Did you ever find out what got her so mad? LOL
oh shoot I forgot that I left my scarf and some CDs at her apartment and I had to go back the next day and get them! hahaha!
I am on Julie's side. It sucks when you're partying at your own place and you see your shit getting trashed so that slowly but surely your buzz gets killed while everyone else get higher. Oh and don't even think it would be pretty at my house if you let one of my cats out. I'd go all phsyco on your drunken asses. Talk about a buzz kill. Now to the kitty gasping for air and opening the door by itself, priceless.
Great story.
There was a little bit of writers perogative taken here.. but the part of the cat is not exxagerated. It was funny as all heck. That cat was p.o.ed at us for smoking up that little appartment.
Funny. I would never have guessed that the "Julie's Cat" story involved the cat opening the door. I thought y'all killed the cat somehow.
The funnt part was that there were vertical blinds and the cat would hold the vertical blind open with one paw so it could breath the fresh air... After the cat looked at us and distainfully shook it's head and then turned back to get another breath I literally fell down on the floor I was laughing so hard... Tears were flowing. I couldn't stop it... That cat was pissed at us !
I have no desire to go back in time, but I do miss patrying during my college days. Cheers!!
The story is hysterical. I can totally sympathize with Julie and the cat though. I HATE cigarette smoke AND I'm a neat freak so I would probably go postal also.

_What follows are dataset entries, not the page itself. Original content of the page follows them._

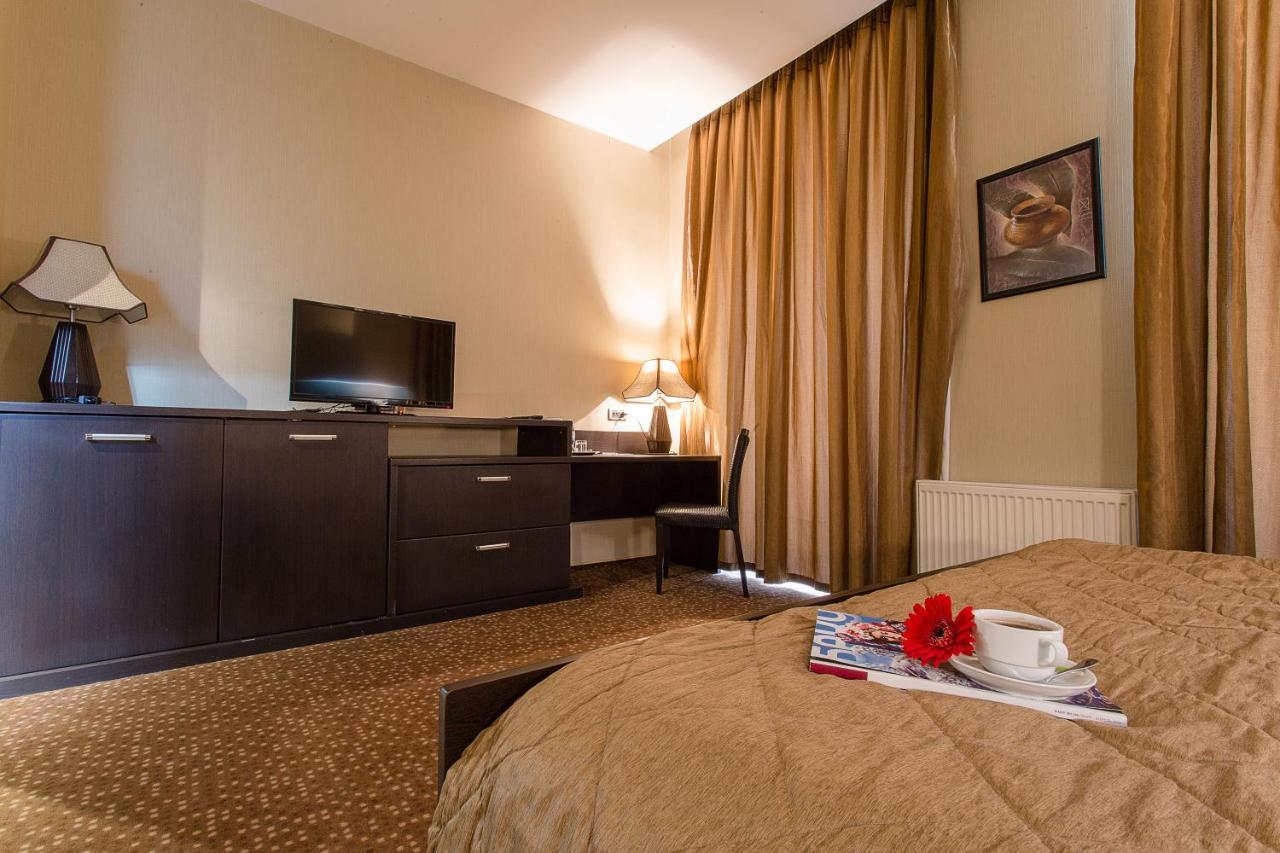 Austin Hotel 巴库 外观 照片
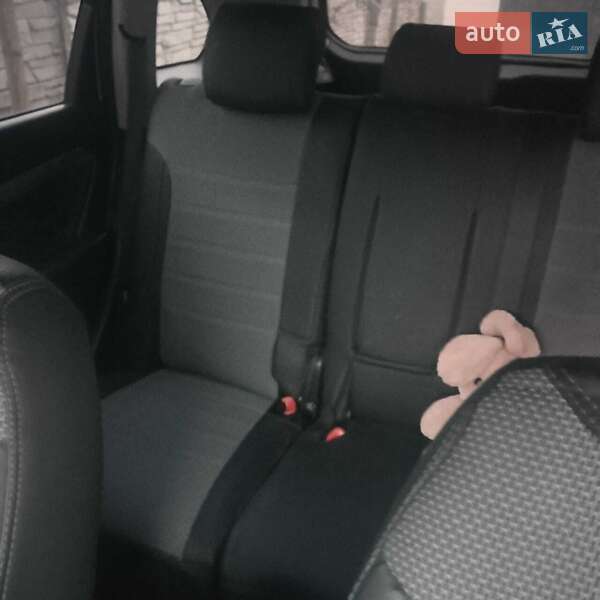 Позашляховик / Кросовер Chevrolet Captiva 2016 в Дніпрі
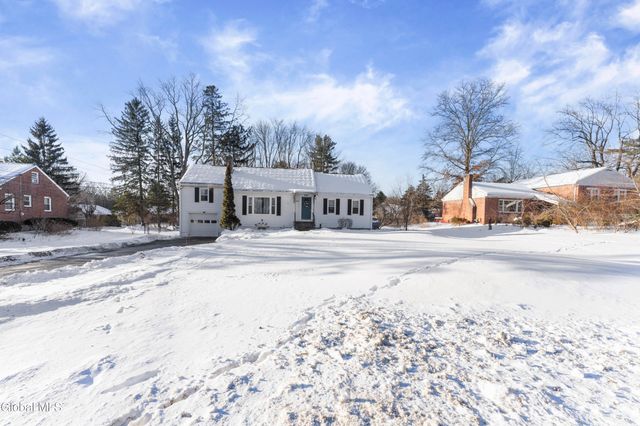 2240 Rosendale Road, Niskayuna, NY 12309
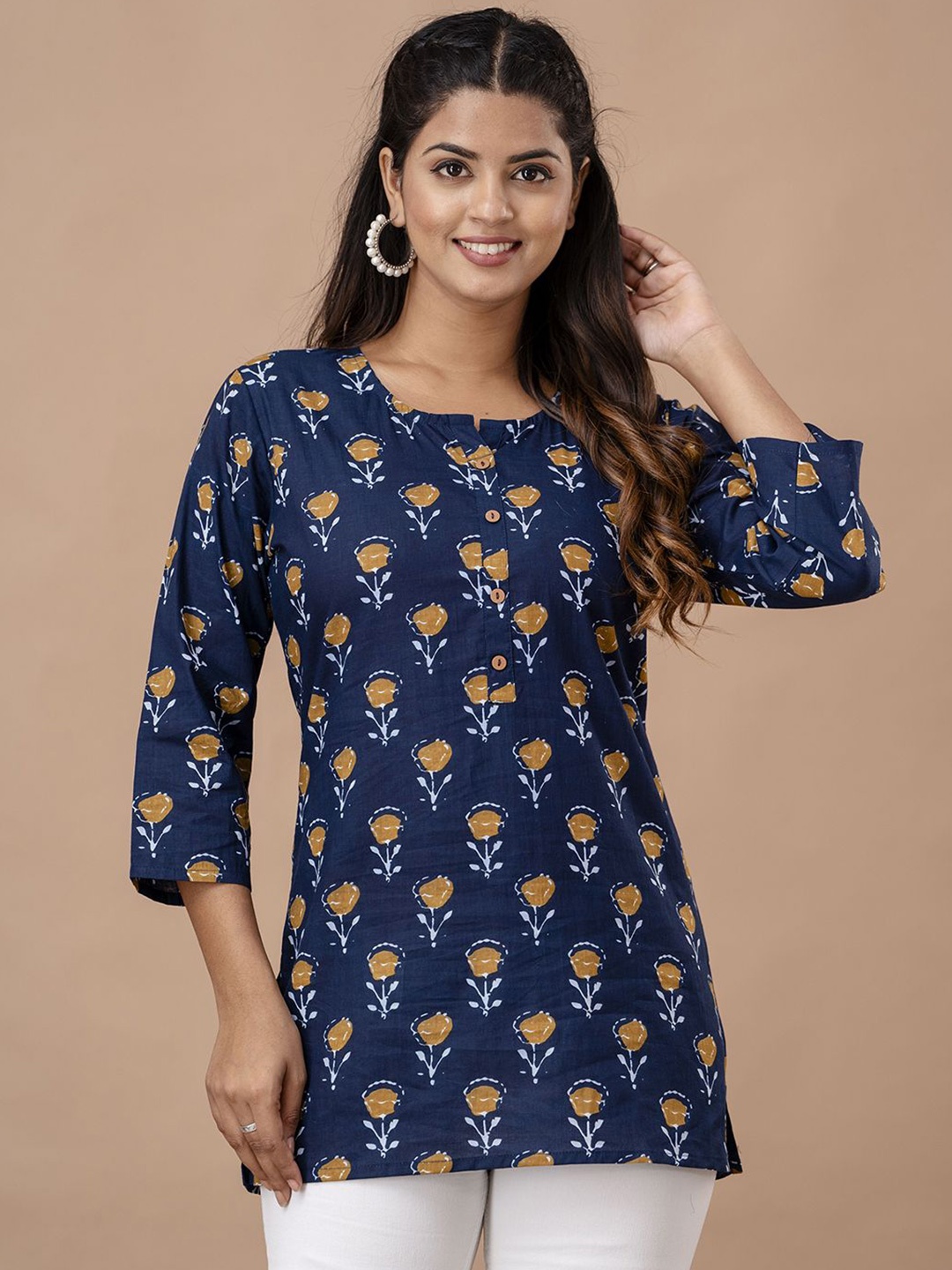 

FERANOID Floral Printed Pure Cotton Kurti, Blue
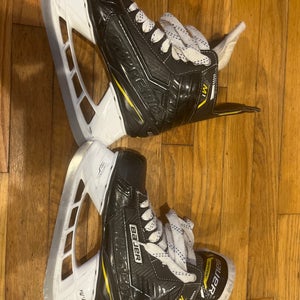 Bauer Supreme M1 Hockey Skates Size 3 (Used)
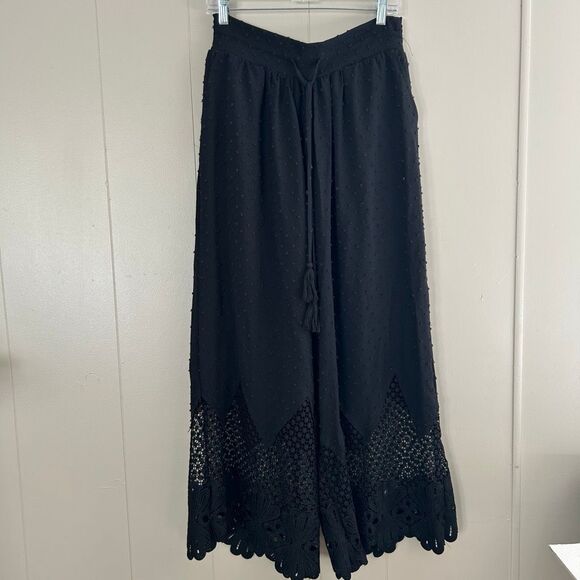 Miss Me NWT Black Swiss Dot Crochet Wide Leg Pants Size Large - Picture 3 of 15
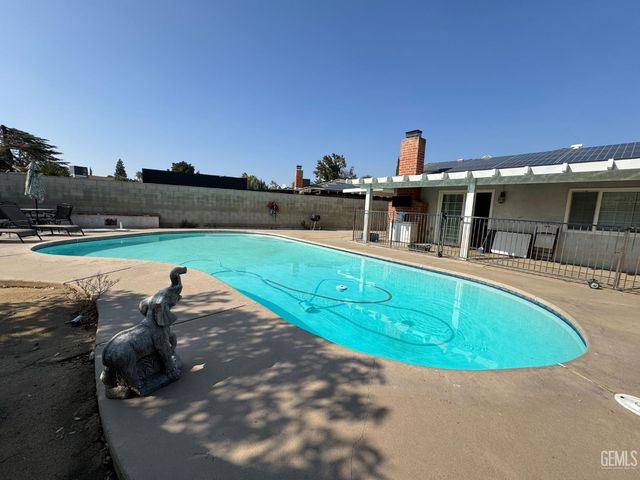 6017 Poso Court, Bakersfield, CA 93309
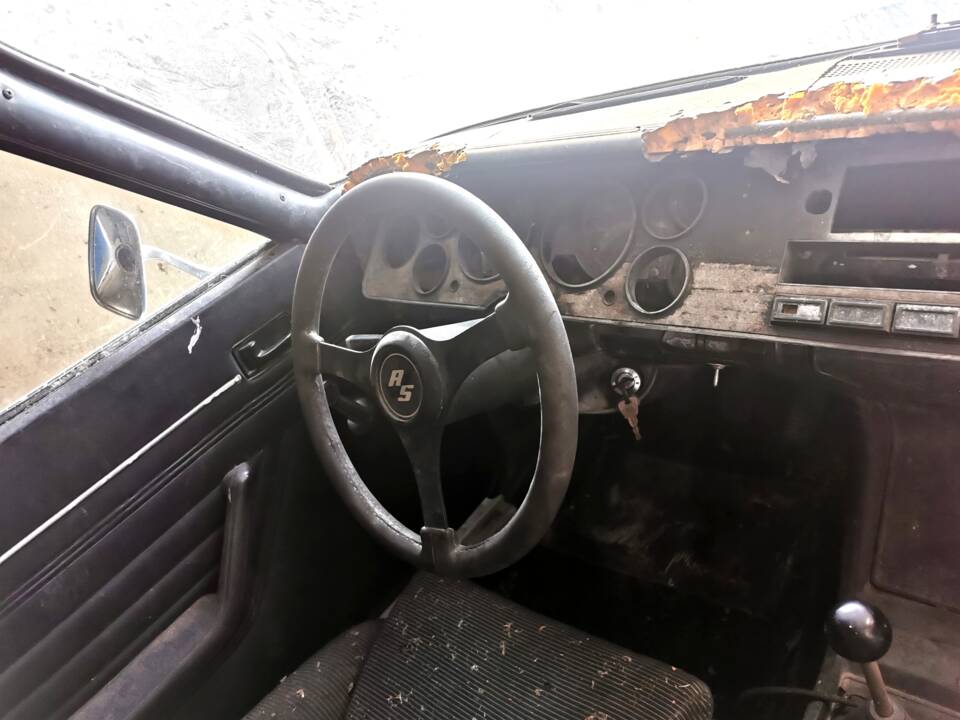 Bild 11/26 von Ford Capri  I 2600 RS (1972)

Disclaimer Ok - Vin and I have discussed it and so here is the disclaimer. I was the driver that night and I was not "trashed" or "drunk" - Of course since Vin was trashed I had to refresh his memory a little bit... LOL - there is no reason to change the story because thats how he remembered it... I just don't want folks to think that I was out there drinking and driving in the pouring rain with a gun in my car...
yeah Doc, we ain't rednecks!
Speak for yourself... ROFL!
Oh and I'd like to thank LeapO'Faith for spell checking this blog after I wrote my inital draft. And thanks LeapO' for helping me realize that the term is 'intents and purposes' and not 'intensive purposes'. ROTFL!
This story sounds like something that would have happened in WI. Not that I would know anything about that.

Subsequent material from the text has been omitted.